Closed agners closed 1 year ago
Updating the Proxmox kernel can solve the issue, see https://github.com/home-assistant/operating-system/issues/1705#issuecomment-1411406865
Also setting VirtIO SCSI Single / iothread=1 / aio=threads on all our KVM guests, see https://github.com/home-assistant/operating-system/issues/1705#issuecomment-1418808236.
Updating the Proxmox kernel can solve the issue, see #1705 (comment)
Also setting VirtIO SCSI Single / iothread=1 / aio=threads on all our KVM guests, see #1705 (comment).
I did both, issue is gone.
Proxmox has an opt-in for a Linux 6.1 Kernel, the development of edge Kernels will temporally pause with the 6.0 kernel.
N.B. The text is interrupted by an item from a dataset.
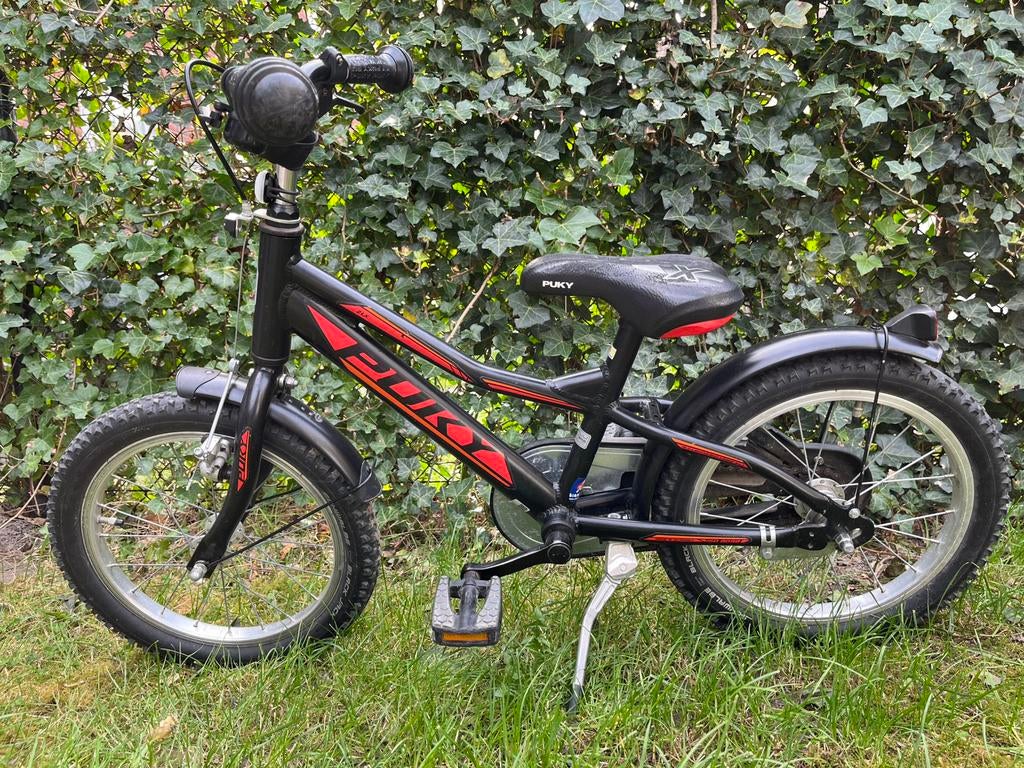 Puky 16 inch kinderfiets, Fietsen en Brommers, Fietsen | Kinderfietsjes, Ophalen, Gebruikt, 16 tot 20 inch, Zijwieltjes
https://forum.proxmox.com/threads/opt-in-linux-6-1-kernel-for-proxmox-ve-7-x-available.119483/
Switching to the pve 6.1 Kernel re-introduced the issue again. So far it seems, that only the 6.0.15-edge kernel fixed the problem and not the VirtIO SCSI Single / iothread=1 / aio=threads
settings.
Switching to the pve 6.1 Kernel re-introduced the issue again. So far it seems, that only the 6.0.15-edge kernel fixed the problem and not the
VirtIO SCSI Single / iothread=1 / aio=threads
settings.
I was wrong, no matter which kernel or VirtIO settings, the hassos vm crashed soon after start with version 9.5
I did a downgrade to 9.4 and it's stable now for a while running with the edge kernel.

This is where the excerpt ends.